Ten years ago, appropriately on April 1st, I first came to Sheffield. I had coffee with a couple of people and the legendary Peter Cropper, and then sat in the academy’s little office in Victoria Street, sharpened a few pencils and thought; OK, let’s start a Music Academy. What should it ideally be like when up and running?

Obviously there would be a team of excellent and engaging young solo performers; A vibrant group of very young musicians playing and singing together, and with the professionals on the staff; chamber music for wind and strings in various groupings; and, of course a first class chamber orchestra exploring music of the baroque, classical and modern periods. A brilliant youth choir; many composers; jazz; rock and so on…

Well, the two academy concerts within a fortnight of each other last term, demonstrated just how close to that dream we have come in the hands of Martin and, his dedicated and brilliant team of teachers. Soloists aplenty; Aidan, Victor, Sukhi and Nathaniel all showing us that string playing is one of our greatest strengths, especially given the age range of the players. Only Tom Dimelow Steele this time on the lovely Bösendorfer on loan from the University but lots of wind- from Myvanwy’s stunning jazz -orientated Woods sonata to the magic created by Anna in her Poulenc. Chamber music? Lots. Four different string quartets with breath-taking, committed, playing of Mendelssohn, Shostakovich and Bacewitz, and wind ensembles from Catherine Baker’s stable in groups of two to seven (a little worried about the bassoons’ drinking habits though!)

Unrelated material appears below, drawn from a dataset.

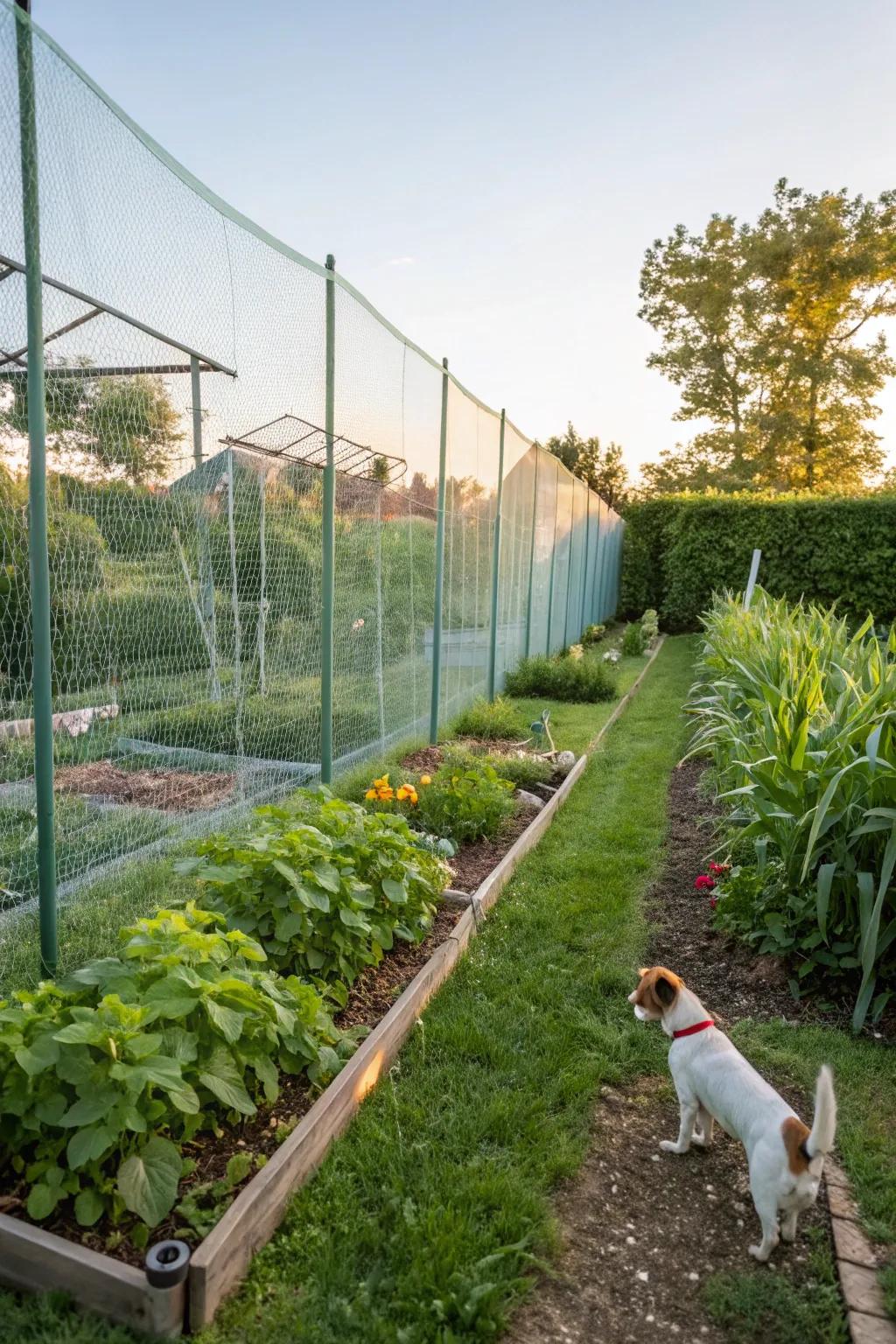 PVC netting offers a flexible and economical enclosure option.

I had never thought of guitars in the way we have them now (shame on me) but it was lovely to hear the soothing sounds of Ian’s guitar group and the intriguingly-named ‘Hope for the Best’ (Don’t we all! – and we get it from our students)

The first concert saw the chamber orchestra perform Schubert’s third symphony under the baton of Chris Gayford, thus uniting the Academy with CSYO even more strongly. The second concert saw the same work under the guidance of Keith Slade who is not only a clear and imaginative conductor but is proving to be a skilful and thorough (as well as highly-entertaining) trainer for the orchestra, taking it to ever higher standards and demanding the best from everyone in it.

No senior choir or singers this time, or composers or jazz or rock (no time!), but strength, promise, fun and excellent presentation abound in the juniors; Becca and Holly have brought to life a wonderful future for the Academy, both in playing and singing. The choir is working in parts (tremendous for this age group)and the orchestra is slowly building up the whole of Warlock’s evergreen Capriol Suite. If this continues for the next ten years, just imagine where the Academy will be then!